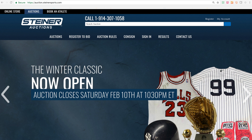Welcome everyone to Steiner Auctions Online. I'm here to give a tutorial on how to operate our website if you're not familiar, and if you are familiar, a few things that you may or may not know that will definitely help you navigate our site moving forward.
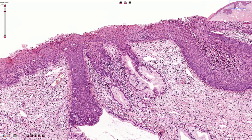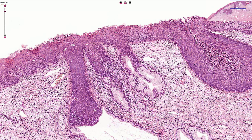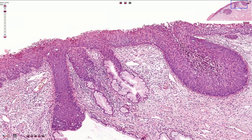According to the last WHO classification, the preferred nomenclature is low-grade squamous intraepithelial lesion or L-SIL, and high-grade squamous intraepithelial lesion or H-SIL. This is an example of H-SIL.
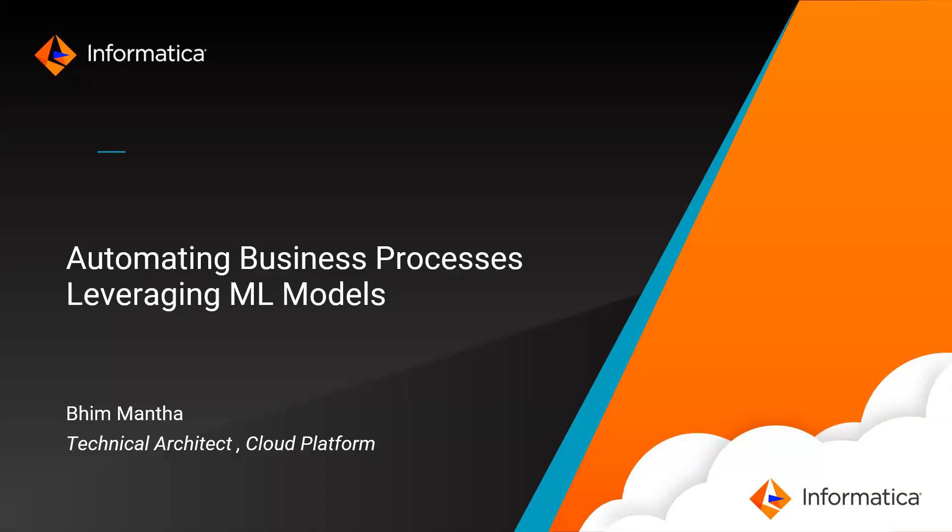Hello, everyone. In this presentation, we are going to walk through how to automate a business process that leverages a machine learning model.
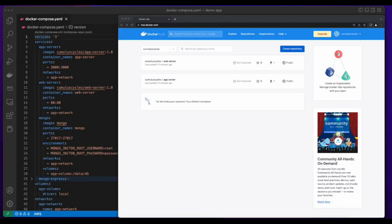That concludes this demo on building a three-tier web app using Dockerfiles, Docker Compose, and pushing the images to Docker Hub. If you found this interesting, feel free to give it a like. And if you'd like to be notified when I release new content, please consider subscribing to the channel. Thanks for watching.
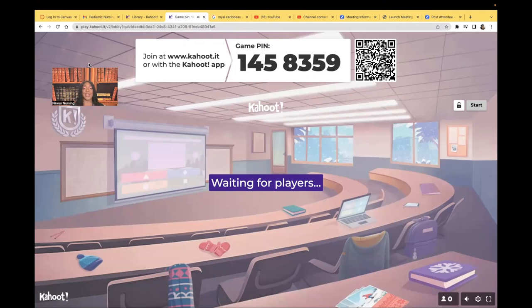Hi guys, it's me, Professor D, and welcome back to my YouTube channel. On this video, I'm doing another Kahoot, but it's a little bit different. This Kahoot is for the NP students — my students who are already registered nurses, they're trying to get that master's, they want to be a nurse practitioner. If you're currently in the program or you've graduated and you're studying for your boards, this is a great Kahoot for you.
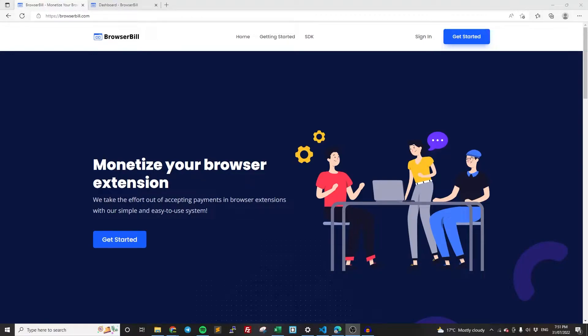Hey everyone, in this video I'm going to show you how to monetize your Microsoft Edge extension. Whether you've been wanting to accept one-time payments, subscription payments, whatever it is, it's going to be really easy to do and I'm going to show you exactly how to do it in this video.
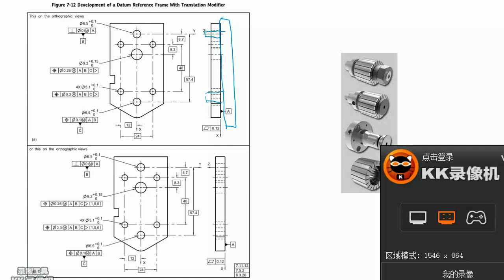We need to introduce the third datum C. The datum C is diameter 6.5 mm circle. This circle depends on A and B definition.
____________________
→ **WHAT THE EXERCISE ASKS**
Repeat each entry exactly as given; no pictures belong in the copy.

→ **SOLUTION TO THE EXERCISE**
Welcome everyone to Steiner Auctions Online. I'm here to give a tutorial on how to operate our website if you're not familiar, and if you are familiar, a few things that you may or may not know that will definitely help you navigate our site moving forward.
According to the last WHO classification, the preferred nomenclature is low-grade squamous intraepithelial lesion or L-SIL, and high-grade squamous intraepithelial lesion or H-SIL. This is an example of H-SIL.
Hello, everyone. In this presentation, we are going to walk through how to automate a business process that leverages a machine learning model.
That concludes this demo on building a three-tier web app using Dockerfiles, Docker Compose, and pushing the images to Docker Hub. If you found this interesting, feel free to give it a like. And if you'd like to be notified when I release new content, please consider subscribing to the channel. Thanks for watching.
Hi guys, it's me, Professor D, and welcome back to my YouTube channel. On this video, I'm doing another Kahoot, but it's a little bit different. This Kahoot is for the NP students — my students who are already registered nurses, they're trying to get that master's, they want to be a nurse practitioner. If you're currently in the program or you've graduated and you're studying for your boards, this is a great Kahoot for you.
Hey everyone, in this video I'm going to show you how to monetize your Microsoft Edge extension. Whether you've been wanting to accept one-time payments, subscription payments, whatever it is, it's going to be really easy to do and I'm going to show you exactly how to do it in this video.
We need to introduce the third datum C. The datum C is diameter 6.5 mm circle. This circle depends on A and B definition.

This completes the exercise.